Is there a universal $\omega$-limit set?

Question

For the purposes of this question, a dynamical system means a compact metric space $X$ together with a continuous map $f: X \to X$.

For $x \in X$, the $\omega$-limit set of $x$, denoted $\omega(x)$, is the set of limit points of the orbit of $x$. That is, $$\omega(x) = \bigcap_{n \in \omega} \overline{\{f^m(x) : m > n\}}.$$ It's easy to check that $(\omega(x),f)$ is a dynamical system (i.e., $\omega(x)$ is closed under $f$ and closed topologically).

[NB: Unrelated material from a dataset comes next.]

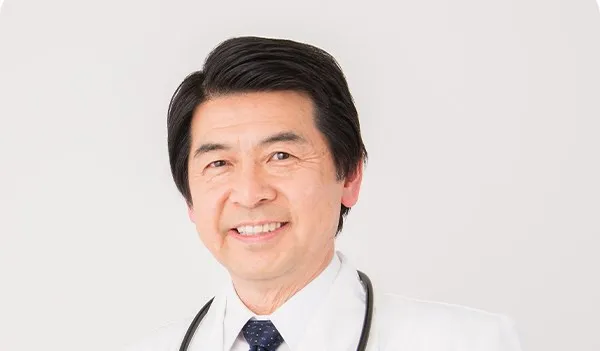 白衣に聴診器をかけて微笑む男性医師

Let's say that $(X,f)$ is an abstract $\omega$-limit set if it is isomorphic to the $\omega$-limit set of some point in some dynamical system.

Is there a dynamical system $(X,f)$ such that every abstract $\omega$-limit set is a quotient of $(X,f)$?

[In this context, an isomorphism $(X,f) \rightarrow (Y,g)$ means a homeomorphism $h: X \rightarrow Y$ such that $h \circ f = g \circ h$. A quotient $(X,f) \rightarrow (Y,g)$ means a continuous surjection $h: X \rightarrow Y$ such that $h \circ f = g \circ h$.]

I suspect the answer might be negative, but I can't think of a way to get at a proof.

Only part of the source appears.